Possible CSLA .NET 3.5 enhancement (indexed LINQ queries)

Possible CSLA .NET 3.5 enhancement (indexed LINQ queries)

Old forum URL: forums.lhotka.net/forums/t/3894.aspx


RockfordLhotka posted on Tuesday, November 13, 2007

A colleague of mine at Magenic, Aaron Erickson, has written a library for LINQ (i4o) that adds indexed query capability when doing a select from a list of objects. Aaron has volunteered to merge this functionality into CSLA .NET 3.5, which is very cool!

The result should be that LINQ queries run against a BLB or ROLB list would use an index on the child object properties, and thus repeated queries against the same list would be faster.

Obviously creating and maintaining an index isn't free. It takes processing power and memory.
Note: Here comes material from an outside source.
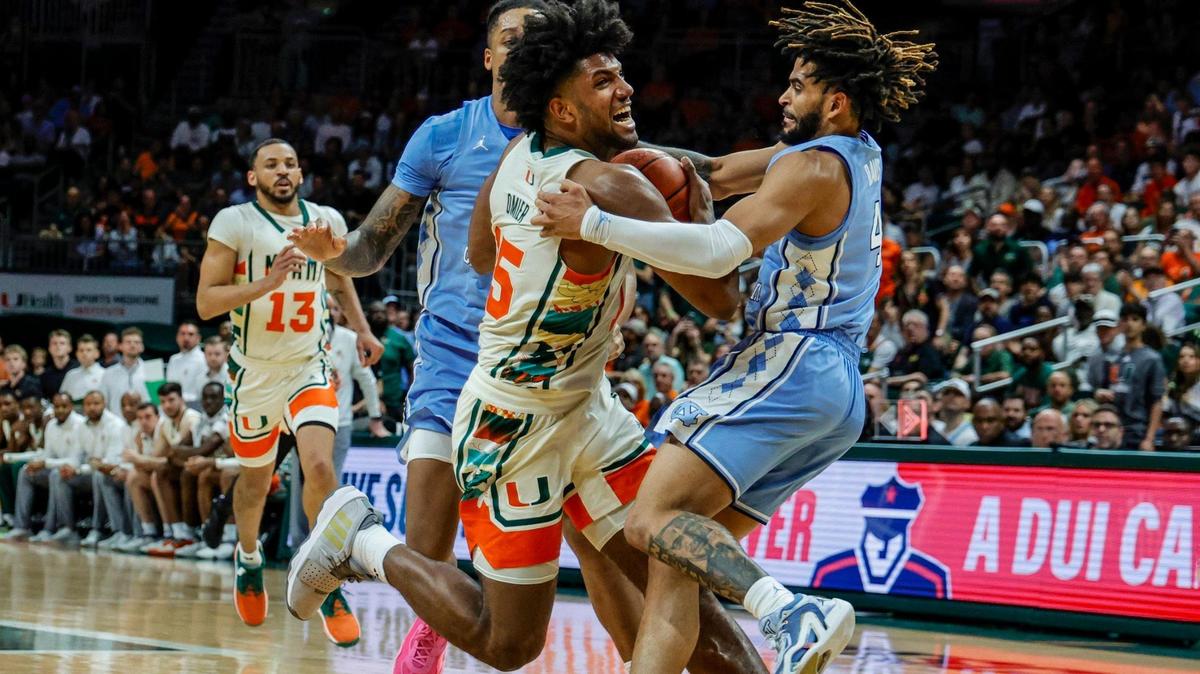 Miami Hurricanes forward Norchad Omier (15) battles North Carolina Tar Heels guard RJ Davis (4) in the paint in the first half at the Watsco Center in Coral Gables, FL on Saturday, February 10, 2024.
But if you do a lot of LINQ queries against a list, having an index can make a major difference in performance.

With this feature, would you:

  1. Expect indexing to be on by default or off by default?
  2. Want any on/off switch to be public or protected?
  3. Want to have lazy creation of the index (so the first LINQ query turns it on and builds the index and thus is slow, but subsequent LINQ queries are very fast)?
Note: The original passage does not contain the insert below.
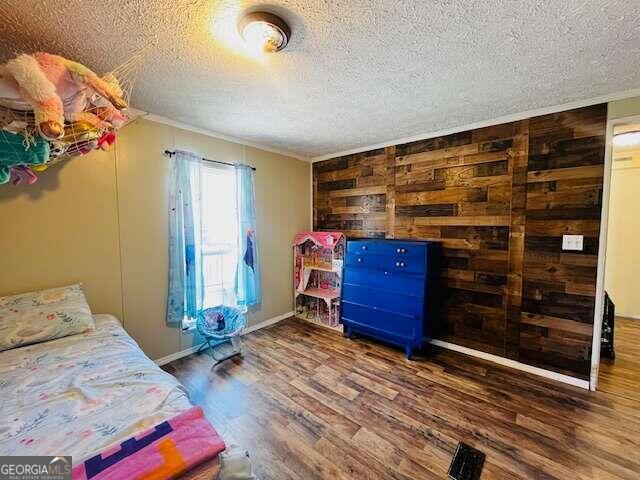 bedroom with dark hardwood / wood-style flooring, ornamental molding, a textured ceiling, and wooden walls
Any other feedback/ideas are welcome too. This will be one of the major new features in CSLA 3.5, and I'd rather get input now than after we're in a beta cycle.
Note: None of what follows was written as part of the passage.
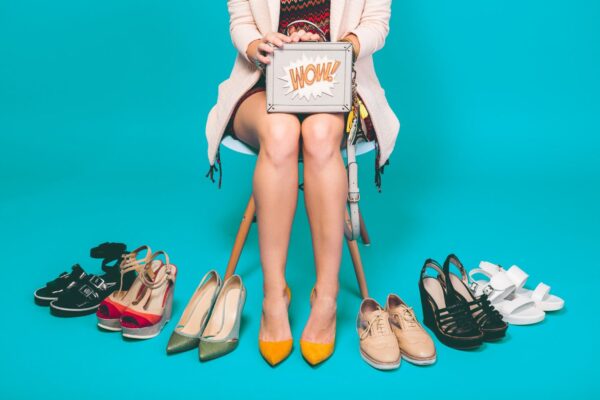 A woman is sitting in a chair, surrounded by a box and an assortment of shoes. The scene showcases various types of footwear, including sandals and high heels, emphasizing fashion and style. The woman's legs are visible, adding to the overall aesthetic of the image, which celebrates clothing and fashion accessories.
William replied on Tuesday, November 13, 2007

Here are my feedback.

1. I think indexing should be off by default. As in SQL Server table, there is no index defined by default, except clustered index, which rearranges the underlying data pages. However, I think the equivalent of LINQ index is non-clustered index SQL Server.

2. I prefer a tri-state switch to cover up item (3), as On, Off, OnDemand. The property should be public as the client/UI should be able to decide when it needs performance and the trade off, and BO should not dictate this on behalf of different usage contexts.

3. See (2).


Thanks.

ajj3085 replied on Wednesday, November 14, 2007

I haven't used any .Net 3 or higher stuff yet, so I'm not sure I can answer directly.  I would like to know though, how often do you see Linq querying of business objects?  I know that it will happen... but how likely / useful is it?  That might help determine sane defaults.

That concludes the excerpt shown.